İslâmın ilk asırlarında sayıları
oldukça kabarık
Birçok bölgelere dağıldılar, vatanları farklı farklı
ama dinleri bir
İslâmın bu yayılışını Resûlullah haber vermişti
Hayır,
bu bizzat Allah Teâlâ tarafından ona gerçek bir söz olarak vaat
edilmişti. Çok zaman geçmedi. İslâm sancağının bütün beldeler ve
saraylar üzerinde dalgalandığını gördü.
Selmân bu olaya şahit olanlardandı
Hendek savaşı günleriydi. Hicretin beşinci senesi. Yahudi liderleri,
müşriklerle anlaşıp, müslümanlara saldırmak için Mekkeye giderler
Amaçları bu yeni dini kökünden kazımaktır.
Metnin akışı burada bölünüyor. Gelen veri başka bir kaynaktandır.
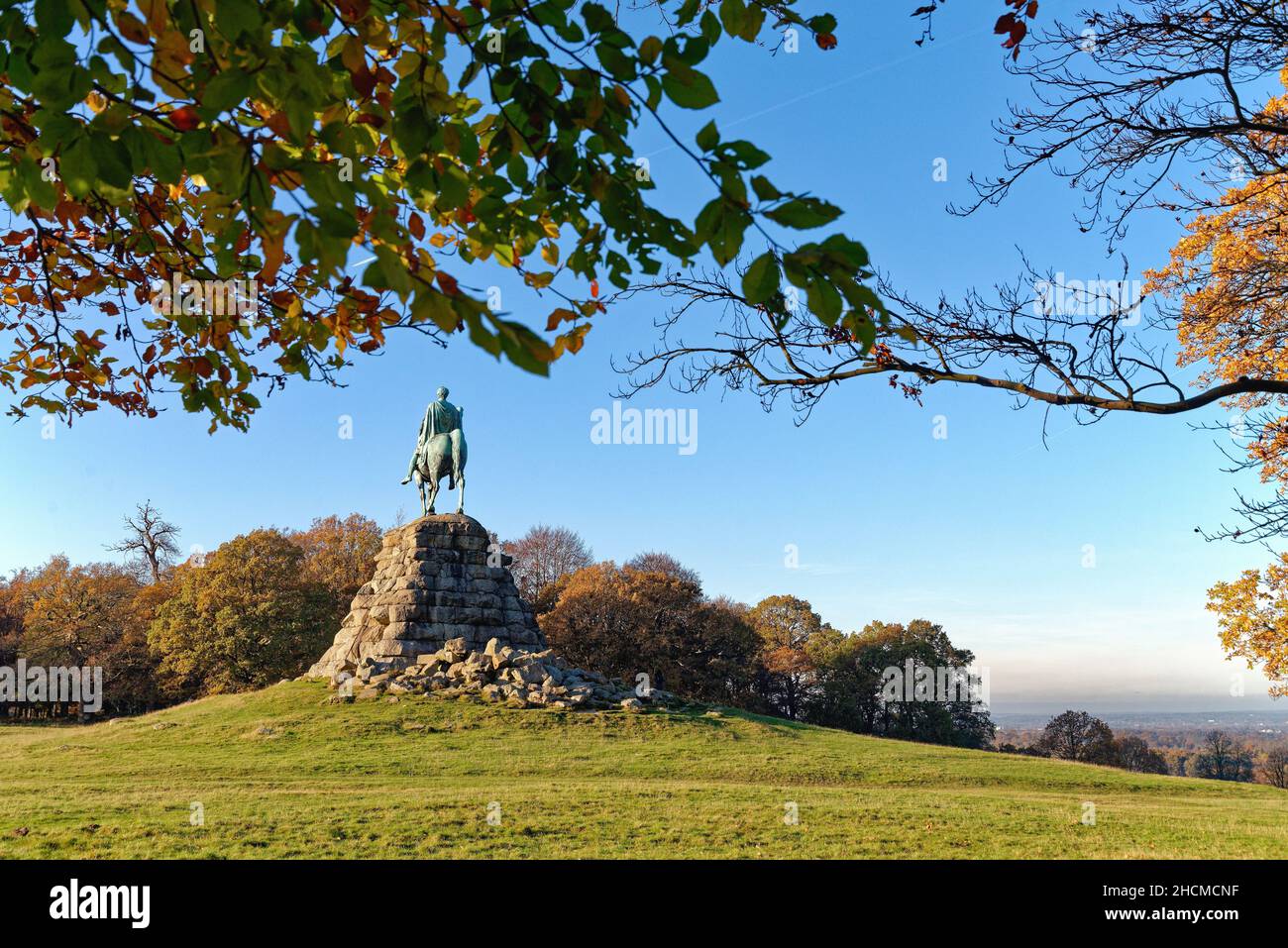 La statua equestre del Cavallo di rame di re George Third su Snow Hill nel Windsor Great Park, in un giorno d'inverno soleggiato, Berkshire Inghilterra UK Foto Stock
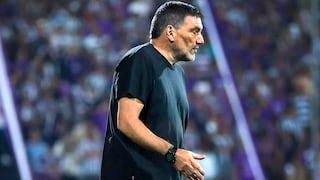 Liga 1: Técnico albo Gerardo Ameli, cuestiona ayuda a la “U”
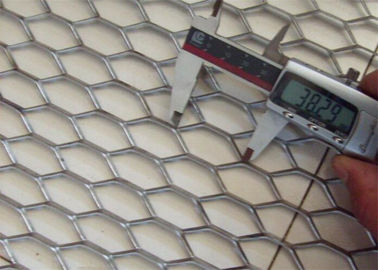 سداسية شبكة السياج المعدنية الموسع ، ورقة شبكة الماس الصلب للأمن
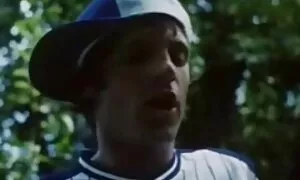 Kieli vanha alaston nainen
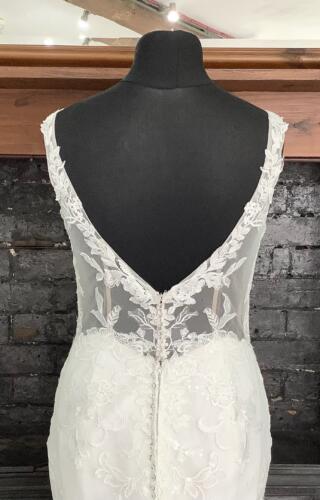 Sincerity | Wedding Dress | Fit To Flare | SH557S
Bu korkunç, anlaşmalı harbin planını
yaptılar: Kureyş ve Gatafan dışarıdan Medineye saldıracaklar, henüz
Medinede ikamet etmekte olan Benî Kurayzada müslümanları içten ve
arkadan vuracaktı. Böylelikle müslümanlar iki ateş arasında kalacaktı.
Resûlullaha Medineye doğru bir
ordunun yaklaşmakta olduğu haber verildi. müslümanlar büyük bir korkuya
kapılmıştı. Nitekim bu durumu Kurân şöyle tasvir eder: Hatırlayın ki,
size üstünüzden ve altınızdan gelmişlerdi. Hatırlayın ki, gözler
korkudan fıldır fıldır olmuş, kalp neredeyse göğüslerden dışarı
fırlayacaktı. Allah hakkında kuşkuya düşmüştünüz. (Ahzab, 33/l0)
Ebû Süfyân ve Uyeyne b. Hısn
komutasındaki yirmi bin kişilik bir ordu, Muhammed (s.a.v.) ve dinini
ortadan kaldırmak için, Medinenin etrafını çepeçevre kuşatmaya
başladılar. Bu ordu sadece Kureyşten oluşmuyordu. İslâmı bir tehlike
olarak gören bütün kabilelerin müttefik kuvvetinden meydana geliyordu.
Bütün düşmanları bünyesinde toplayan son saldırıydı. Kabile kabile,
cemaat cemaat, fert fert... Müslümanlar ise kendilerinin içindeki zor
konumun idrakindeydiler.
Allah Resûlü istişare için bütün
ashabını topladı. Kendilerini savunma ve savaşma hususunda ittifak
ettiler. Ama bu nasıl bir savunma olmalıydı? Uzun bacaklı, gür saçlı,
Resûlullahın kendisini son derece sevdiği ve hürmet gösterdiği biri öne
çıktı. Bu Selmân-i Farisî idi. Medineyi şöyle bir gözden geçirdi,
etrafını inceledi. Medine dört taraftan dağlar ve kayalarla korunan bir
şehirdi. Ancak bazı geçitler ve açıklıklar vardı. Kendi ülkesi İranda
uygulanan bir harp hilesi vardı: Hendek. Eğer bu geçitlere ve
geçilebilecek her yerin önüne geniş hendekler kazılırsa düşmandan
korunmak ve şehri savunmak kolay olacaktı.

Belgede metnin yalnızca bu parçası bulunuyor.